Randomized testing combined with chaotic failures has revealed corner cases
where the recovery and allocation of shards in a concurrent manner can result
in shard corruption.  There is an ongoing effort to reduce the complexity of
these operations in order to make them more deterministic.  These include:

* Introduce shard level locks to prevent concurrent shard modifications {GIT}8436[#8436]. (STATUS: DONE, Fixed in v1.5.0)
* Delete shard contents under a lock {GIT}9083[#9083]. (STATUS: DONE, Fixed in v1.5.0)
* Delete shard under a lock {GIT}8579[#8579]. (STATUS: DONE, Fixed in v1.5.0)
* Refactor RecoveryTarget state management {GIT}8092[#8092]. (STATUS: DONE, Fixed in v1.5.0)
* Cancelling a recovery may leave temporary files behind {GIT}7893[#7893]. (STATUS: DONE, Fixed in v1.5.0)
* Quick cluster state processing can result in both shard copies being deleted {GIT}9503[#9503]. (STATUS: DONE, Fixed in v1.5.0)
* Rapid creation and deletion of an index can cause reuse of old index metadata {GIT}9489[#9489]. (STATUS: DONE, Fixed in v1.5.0)
* Flush immediately after the last concurrent recovery finishes to clear out the translog before a new recovery starts {GIT}9439[#9439]. (STATUS: DONE, Fixed in v1.5.0)

[discrete]
=== Prevent use of known-bad Java versions (STATUS: DONE, v1.5.0)

Certain versions of the JVM are known to have bugs which can cause index corruption.  {GIT}7580[#7580] prevents Elasticsearch startup if known bad versions are in use.

[discrete]
=== Make recovery be more resilient to partial network partitions (STATUS: DONE, v1.5.0)

When a node is experience network issues, the master detects it and removes the node from the cluster. That causes all ongoing recoveries from and to that node to be stopped and a new location is found for the relevant shards. However, in the of case partial network partition, where there are connectivity issues between the source and target nodes of a recovery but not between those nodes and the current master things may go wrong. While the nodes successfully restore the connection, the on going recoveries may have encountered issues. In {GIT}8720[#8720], we added test simulations for these and solved several issues that were flagged by them.

[discrete]
=== Improving Zen Discovery (STATUS: DONE, v1.4.0.Beta1)

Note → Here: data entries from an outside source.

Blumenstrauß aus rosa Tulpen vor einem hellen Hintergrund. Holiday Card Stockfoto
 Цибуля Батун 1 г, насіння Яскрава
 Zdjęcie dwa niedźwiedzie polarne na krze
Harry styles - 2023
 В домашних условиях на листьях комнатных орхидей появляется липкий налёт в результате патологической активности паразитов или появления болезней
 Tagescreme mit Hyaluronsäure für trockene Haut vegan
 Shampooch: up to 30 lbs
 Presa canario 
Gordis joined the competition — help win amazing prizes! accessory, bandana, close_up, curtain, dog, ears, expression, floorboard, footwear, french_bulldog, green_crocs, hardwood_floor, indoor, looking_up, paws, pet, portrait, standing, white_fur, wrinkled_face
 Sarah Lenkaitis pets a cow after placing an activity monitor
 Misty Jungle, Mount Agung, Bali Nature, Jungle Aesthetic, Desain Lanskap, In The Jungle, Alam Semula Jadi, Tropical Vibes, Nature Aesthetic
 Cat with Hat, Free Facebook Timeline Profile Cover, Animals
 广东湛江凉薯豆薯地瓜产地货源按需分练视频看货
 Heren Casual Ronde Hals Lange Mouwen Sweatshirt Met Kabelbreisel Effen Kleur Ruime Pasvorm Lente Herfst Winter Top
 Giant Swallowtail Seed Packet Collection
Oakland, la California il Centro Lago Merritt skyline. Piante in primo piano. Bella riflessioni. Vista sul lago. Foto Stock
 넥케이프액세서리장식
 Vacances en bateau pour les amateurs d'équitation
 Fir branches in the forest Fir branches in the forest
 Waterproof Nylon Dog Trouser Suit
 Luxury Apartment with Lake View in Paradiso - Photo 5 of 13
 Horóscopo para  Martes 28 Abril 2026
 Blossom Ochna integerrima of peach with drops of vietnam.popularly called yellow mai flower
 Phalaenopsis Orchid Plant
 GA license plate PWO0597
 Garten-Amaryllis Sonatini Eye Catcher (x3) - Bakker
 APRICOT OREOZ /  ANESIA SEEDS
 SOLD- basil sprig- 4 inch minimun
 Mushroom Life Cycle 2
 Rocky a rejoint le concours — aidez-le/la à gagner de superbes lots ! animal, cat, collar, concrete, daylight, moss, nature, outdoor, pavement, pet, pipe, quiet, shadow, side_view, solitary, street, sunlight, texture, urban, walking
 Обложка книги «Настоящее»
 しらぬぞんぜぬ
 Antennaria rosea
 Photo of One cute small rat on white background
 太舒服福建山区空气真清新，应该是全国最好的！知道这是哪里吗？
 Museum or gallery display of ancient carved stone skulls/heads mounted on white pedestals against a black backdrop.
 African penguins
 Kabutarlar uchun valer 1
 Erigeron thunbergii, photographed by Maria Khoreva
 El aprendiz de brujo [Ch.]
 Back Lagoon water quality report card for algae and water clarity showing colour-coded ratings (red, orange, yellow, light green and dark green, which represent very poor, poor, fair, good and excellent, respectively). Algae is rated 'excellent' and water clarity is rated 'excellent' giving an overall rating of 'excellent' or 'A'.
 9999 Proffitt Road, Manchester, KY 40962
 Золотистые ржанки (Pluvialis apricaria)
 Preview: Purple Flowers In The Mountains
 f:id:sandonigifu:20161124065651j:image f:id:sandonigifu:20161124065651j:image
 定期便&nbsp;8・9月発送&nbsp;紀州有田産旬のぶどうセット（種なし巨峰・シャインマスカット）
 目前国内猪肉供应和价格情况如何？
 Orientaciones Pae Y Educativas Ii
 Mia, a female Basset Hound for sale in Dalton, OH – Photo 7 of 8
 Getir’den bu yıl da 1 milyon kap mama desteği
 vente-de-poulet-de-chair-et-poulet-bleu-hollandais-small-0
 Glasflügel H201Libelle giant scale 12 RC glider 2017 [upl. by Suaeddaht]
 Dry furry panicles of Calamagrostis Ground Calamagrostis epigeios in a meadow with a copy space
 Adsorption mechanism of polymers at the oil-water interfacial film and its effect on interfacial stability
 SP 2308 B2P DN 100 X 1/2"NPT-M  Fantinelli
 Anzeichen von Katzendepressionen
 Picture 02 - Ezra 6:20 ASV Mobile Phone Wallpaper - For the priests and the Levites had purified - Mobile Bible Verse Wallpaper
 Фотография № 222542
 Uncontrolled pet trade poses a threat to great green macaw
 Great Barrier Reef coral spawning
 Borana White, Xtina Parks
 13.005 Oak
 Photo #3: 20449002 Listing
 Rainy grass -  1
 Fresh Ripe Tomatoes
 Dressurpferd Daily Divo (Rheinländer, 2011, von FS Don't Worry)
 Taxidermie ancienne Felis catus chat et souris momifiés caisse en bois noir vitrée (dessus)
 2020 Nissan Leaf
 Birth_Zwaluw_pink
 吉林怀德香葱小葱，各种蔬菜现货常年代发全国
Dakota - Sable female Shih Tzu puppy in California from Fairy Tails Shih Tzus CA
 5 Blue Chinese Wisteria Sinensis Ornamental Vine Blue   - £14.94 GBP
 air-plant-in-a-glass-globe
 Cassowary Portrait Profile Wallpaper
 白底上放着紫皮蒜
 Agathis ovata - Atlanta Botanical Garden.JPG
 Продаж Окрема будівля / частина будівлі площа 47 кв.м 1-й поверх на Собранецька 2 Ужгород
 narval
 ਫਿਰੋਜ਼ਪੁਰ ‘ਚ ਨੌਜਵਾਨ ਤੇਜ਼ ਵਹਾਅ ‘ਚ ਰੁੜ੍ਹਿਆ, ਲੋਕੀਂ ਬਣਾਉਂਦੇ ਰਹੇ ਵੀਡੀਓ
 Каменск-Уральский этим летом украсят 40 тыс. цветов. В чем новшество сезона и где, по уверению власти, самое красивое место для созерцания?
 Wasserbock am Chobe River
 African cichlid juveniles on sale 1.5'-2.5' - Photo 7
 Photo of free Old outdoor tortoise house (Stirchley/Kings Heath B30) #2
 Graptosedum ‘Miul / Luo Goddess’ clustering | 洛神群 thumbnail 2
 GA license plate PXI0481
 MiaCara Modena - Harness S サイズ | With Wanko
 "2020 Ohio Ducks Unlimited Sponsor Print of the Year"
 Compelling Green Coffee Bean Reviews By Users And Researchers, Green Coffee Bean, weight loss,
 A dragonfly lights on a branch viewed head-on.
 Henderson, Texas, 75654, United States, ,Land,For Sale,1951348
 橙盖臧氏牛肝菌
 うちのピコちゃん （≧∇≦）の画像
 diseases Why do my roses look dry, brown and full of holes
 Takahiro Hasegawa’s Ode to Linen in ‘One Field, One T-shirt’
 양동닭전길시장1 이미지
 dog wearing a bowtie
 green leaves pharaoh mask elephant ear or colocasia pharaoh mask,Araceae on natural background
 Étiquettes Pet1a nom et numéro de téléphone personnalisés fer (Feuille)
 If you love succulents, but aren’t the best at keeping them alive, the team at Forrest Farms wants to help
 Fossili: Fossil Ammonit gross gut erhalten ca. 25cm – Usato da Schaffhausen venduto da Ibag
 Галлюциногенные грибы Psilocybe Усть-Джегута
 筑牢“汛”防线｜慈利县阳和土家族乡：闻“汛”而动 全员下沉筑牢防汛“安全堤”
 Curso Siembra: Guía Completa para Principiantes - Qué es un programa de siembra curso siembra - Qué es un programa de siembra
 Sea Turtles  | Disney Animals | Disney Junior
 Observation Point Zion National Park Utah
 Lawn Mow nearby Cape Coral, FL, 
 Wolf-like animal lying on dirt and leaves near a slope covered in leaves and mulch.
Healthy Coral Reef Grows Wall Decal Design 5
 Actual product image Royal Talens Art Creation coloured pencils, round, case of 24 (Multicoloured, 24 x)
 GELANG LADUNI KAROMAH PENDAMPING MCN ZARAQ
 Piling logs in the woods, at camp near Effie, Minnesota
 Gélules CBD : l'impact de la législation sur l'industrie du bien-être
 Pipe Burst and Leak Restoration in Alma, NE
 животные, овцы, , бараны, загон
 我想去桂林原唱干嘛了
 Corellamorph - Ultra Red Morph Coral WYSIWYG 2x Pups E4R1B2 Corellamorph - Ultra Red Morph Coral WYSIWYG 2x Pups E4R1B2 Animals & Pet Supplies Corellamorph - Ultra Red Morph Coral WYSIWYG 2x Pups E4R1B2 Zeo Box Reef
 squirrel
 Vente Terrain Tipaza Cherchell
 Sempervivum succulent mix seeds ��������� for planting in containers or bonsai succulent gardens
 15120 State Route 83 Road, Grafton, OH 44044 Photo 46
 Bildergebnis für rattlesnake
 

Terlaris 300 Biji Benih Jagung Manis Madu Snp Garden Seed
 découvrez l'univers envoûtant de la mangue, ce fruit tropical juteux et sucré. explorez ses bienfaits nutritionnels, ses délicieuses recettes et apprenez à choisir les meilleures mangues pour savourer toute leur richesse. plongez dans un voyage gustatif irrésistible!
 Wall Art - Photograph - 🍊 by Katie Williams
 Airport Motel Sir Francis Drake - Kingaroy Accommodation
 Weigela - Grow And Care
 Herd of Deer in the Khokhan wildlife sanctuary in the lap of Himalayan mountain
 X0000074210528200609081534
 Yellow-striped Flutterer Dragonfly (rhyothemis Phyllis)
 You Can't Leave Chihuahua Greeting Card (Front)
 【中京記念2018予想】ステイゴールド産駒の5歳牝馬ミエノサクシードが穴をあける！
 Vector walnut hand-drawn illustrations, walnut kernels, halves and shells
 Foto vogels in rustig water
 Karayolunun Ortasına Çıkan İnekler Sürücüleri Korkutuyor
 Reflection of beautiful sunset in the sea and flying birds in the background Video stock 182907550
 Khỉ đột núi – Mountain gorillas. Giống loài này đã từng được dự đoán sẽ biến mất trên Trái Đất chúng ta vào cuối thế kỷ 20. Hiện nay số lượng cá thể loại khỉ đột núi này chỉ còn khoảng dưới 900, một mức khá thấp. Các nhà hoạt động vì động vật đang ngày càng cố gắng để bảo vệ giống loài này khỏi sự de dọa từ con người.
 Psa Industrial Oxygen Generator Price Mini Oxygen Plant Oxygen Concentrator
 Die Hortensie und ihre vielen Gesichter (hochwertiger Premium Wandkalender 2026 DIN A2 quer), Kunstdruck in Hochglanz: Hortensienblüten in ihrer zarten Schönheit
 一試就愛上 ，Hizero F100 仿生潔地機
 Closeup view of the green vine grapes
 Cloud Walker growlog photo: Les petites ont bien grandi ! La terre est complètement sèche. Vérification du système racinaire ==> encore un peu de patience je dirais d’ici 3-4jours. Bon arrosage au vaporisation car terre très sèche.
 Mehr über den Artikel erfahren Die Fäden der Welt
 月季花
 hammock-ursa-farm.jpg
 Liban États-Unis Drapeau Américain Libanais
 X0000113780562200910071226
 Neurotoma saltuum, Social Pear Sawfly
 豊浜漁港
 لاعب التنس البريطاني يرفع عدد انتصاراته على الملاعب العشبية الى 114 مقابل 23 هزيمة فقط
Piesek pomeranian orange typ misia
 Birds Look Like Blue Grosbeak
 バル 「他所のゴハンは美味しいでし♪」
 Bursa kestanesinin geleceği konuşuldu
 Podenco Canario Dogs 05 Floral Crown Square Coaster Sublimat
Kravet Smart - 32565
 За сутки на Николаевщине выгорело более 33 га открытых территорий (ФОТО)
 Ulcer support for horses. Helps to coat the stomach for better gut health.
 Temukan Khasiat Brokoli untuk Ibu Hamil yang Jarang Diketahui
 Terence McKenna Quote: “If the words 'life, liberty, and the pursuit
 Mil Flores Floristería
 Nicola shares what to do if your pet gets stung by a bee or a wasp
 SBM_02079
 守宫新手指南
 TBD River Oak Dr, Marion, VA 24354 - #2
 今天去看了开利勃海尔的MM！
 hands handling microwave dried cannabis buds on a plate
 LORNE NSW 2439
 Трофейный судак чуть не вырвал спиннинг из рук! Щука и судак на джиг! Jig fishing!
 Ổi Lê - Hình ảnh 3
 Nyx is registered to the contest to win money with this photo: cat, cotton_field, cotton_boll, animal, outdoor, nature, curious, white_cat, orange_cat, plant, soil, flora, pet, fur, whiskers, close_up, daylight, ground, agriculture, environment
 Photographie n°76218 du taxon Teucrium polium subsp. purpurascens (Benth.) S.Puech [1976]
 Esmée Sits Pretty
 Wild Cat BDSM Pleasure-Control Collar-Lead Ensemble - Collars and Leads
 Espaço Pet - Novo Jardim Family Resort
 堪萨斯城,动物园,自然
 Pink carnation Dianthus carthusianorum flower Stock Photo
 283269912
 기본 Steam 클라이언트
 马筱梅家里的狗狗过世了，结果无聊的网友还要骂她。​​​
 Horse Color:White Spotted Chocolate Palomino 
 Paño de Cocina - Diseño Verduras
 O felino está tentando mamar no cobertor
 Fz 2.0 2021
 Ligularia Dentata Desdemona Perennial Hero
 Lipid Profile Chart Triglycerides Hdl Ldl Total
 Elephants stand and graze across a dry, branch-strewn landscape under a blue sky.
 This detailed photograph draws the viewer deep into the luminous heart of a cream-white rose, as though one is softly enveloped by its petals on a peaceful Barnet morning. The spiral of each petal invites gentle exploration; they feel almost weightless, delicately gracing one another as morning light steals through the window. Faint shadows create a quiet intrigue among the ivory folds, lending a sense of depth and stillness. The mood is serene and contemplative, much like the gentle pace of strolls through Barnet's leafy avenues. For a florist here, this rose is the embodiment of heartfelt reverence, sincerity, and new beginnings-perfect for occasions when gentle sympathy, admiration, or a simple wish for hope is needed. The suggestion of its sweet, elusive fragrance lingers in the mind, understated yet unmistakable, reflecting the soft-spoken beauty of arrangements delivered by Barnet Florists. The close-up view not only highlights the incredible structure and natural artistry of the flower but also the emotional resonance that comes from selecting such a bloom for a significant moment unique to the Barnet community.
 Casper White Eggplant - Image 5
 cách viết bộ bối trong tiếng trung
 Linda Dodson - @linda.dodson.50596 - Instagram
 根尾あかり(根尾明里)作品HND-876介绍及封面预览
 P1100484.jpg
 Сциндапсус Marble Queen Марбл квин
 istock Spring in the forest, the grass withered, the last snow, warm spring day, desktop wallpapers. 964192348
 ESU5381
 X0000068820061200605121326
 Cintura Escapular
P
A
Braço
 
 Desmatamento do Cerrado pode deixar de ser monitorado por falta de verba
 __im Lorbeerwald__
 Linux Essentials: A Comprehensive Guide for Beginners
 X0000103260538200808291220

Recovery from failure is a complicated process, especially in an asynchronous distributed system like Elasticsearch. With several processes happening in parallel, it is important to ensure that recovery proceeds swiftly and safely. While fixing the {GIT}2488[split-brain issue] we have been hunting down corner cases that were not handled optimally, adding tests to demonstrate the issues, and working on fixes:

* Faster & better detection of master & node failures, including not trying to reconnect upon disconnect, fail on disconnect error on ping, verify cluster names in pings. Previously, Elasticsearch had to wait a bit for the node to complete the process required to join the cluster. Recent changes guarantee that a node has fully joined the cluster before we start the fault detection process. Therefore we can do an immediate check causing faster detection of errors and validation of cluster state after a minimum master node breach. {GIT}6706[#6706], {GIT}7399[#7399] (STATUS: DONE, v1.4.0.Beta1)
* Broaden Unicast pinging when master fails: When a node loses it’s current master it will start pinging to find a new one. Previously, when using unicast based pinging, the node would ping a set of predefined nodes asking them whether the master had really disappeared or whether there was a network hiccup. Now, we ping all nodes in the cluster to increase coverage. In the case that all unicast hosts are disconnected from the current master during a network failure, this improvement is essential to allow the cluster to reform once the partition is healed. {GIT}7336[#7336] (STATUS: DONE, v1.4.0.Beta1)
* After joining a cluster, validate that the join was successful and that the master has been set in the local cluster state. {GIT}6969[#6969]. (STATUS: DONE, v1.4.0.Beta1)
* Write additional tests that use the test infrastructure to verify proper behavior during network disconnections and garbage collections. {GIT}7082[#7082] (STATUS: DONE, v1.4.0.Beta1)

[discrete]
=== Lucene checksums phase 2 (STATUS:DONE, v1.4.0.Beta1)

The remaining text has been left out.